Eyrich V A, Standley D M, Felts A K, Friesner R A
Department of Chemistry and Center for Biomolecular Simulation, Columbia University, New York, New York 10027, USA.
Proteins. 1999 Apr 1;35(1):41-57.
We report a new method for predicting protein tertiary structure from sequence and secondary structure information. The predictions result from global optimization of a potential energy function, including van der Waals, hydrophobic, and excluded volume terms. The optimization algorithm, which is based on the alphaBB method developed by Floudas and coworkers (Costas and Floudas, J Chem Phys 1994;100:1247-1261), uses a reduced model of the protein and is implemented in both distance and dihedral angle space, enabling a side-by-side comparison of methodologies.
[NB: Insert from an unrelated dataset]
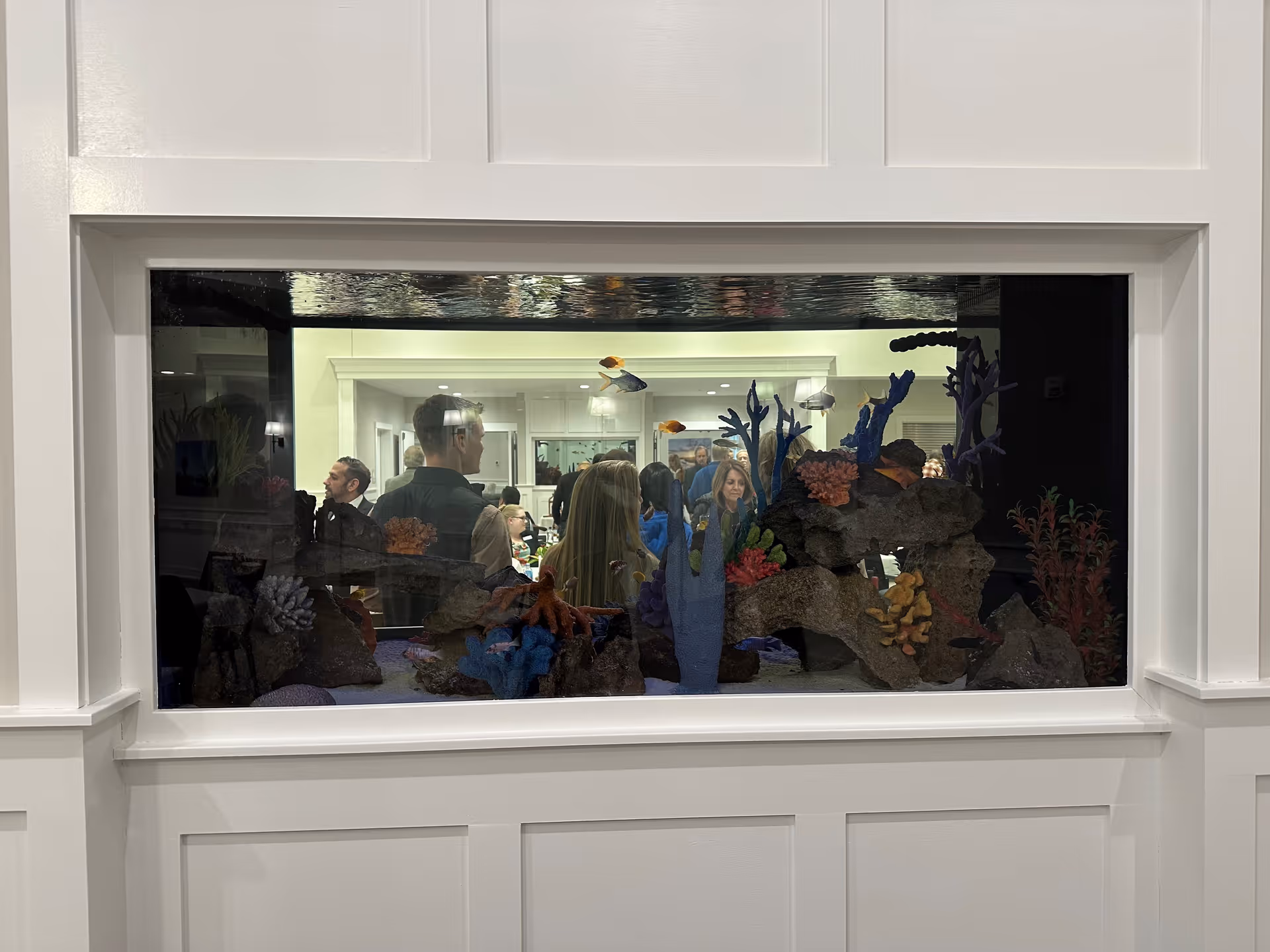 A large built-in aquarium with colorful coral and fish is set into a white paneled wall. Behind the aquarium, a group of people are gathered in a well-lit room, visible through the glass.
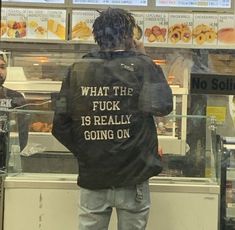 a man standing in front of a donut shop looking at his cell phone while wearing a jacket that says what the fock is really going on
For a set of eight small proteins, representing the three basic types--all alpha, all beta, and mixed alpha/beta--the algorithm locates low-energy native-like structures (less than 6A root mean square deviation from the native coordinates) starting from an unfolded state. Serial and parallel implementations of this methodology are discussed.
我们报告了一种根据序列和二级结构信息预测蛋白质三级结构的新方法。预测结果来自势能函数的全局优化,该势能函数包括范德华力、疏水力和排除体积项。优化算法基于弗洛达斯及其同事开发的alphaBB方法(科斯塔斯和弗洛达斯,《化学物理杂志》1994年;100:1247 - 1261),使用蛋白质的简化模型,并在距离和二面角空间中实现,从而能够对不同方法进行并行比较。对于一组代表三种基本类型(全α型、全β型和混合α/β型)的八个小蛋白质,该算法从非折叠状态开始定位低能量的天然样结构(与天然坐标的均方根偏差小于6埃)。本文还讨论了该方法的串行和并行实现。